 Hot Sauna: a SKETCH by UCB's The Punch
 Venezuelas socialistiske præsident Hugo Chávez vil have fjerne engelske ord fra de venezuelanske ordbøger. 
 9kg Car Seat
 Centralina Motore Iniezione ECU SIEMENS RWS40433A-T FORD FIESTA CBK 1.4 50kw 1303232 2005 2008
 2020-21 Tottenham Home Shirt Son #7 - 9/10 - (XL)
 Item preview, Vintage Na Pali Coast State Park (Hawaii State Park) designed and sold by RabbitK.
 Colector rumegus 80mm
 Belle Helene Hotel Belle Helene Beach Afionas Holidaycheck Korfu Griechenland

********************

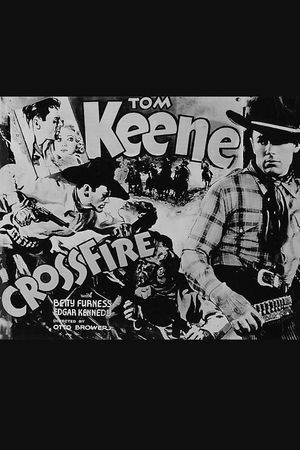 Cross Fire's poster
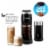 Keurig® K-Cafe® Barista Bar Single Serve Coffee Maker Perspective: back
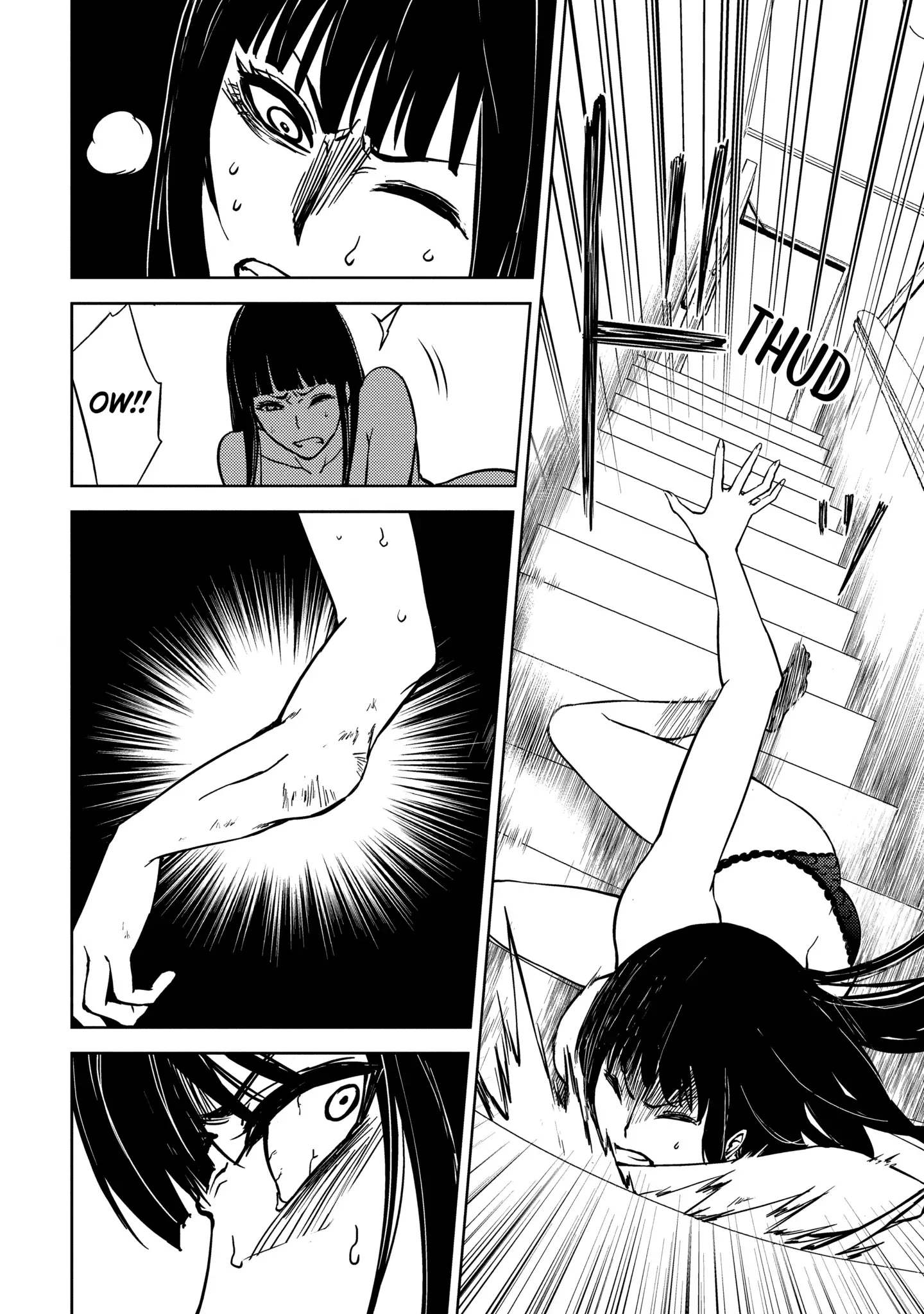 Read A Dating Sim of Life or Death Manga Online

********************

Within the listing above, write out the stretch from the line with "Keurig® K-Cafe® Barista" through the line with "Read A Dating" exactly. Any pictures are to be left out.

 Keurig® K-Cafe® Barista Bar Single Serve Coffee Maker Perspective: back
 Read A Dating Sim of Life or Death Manga Online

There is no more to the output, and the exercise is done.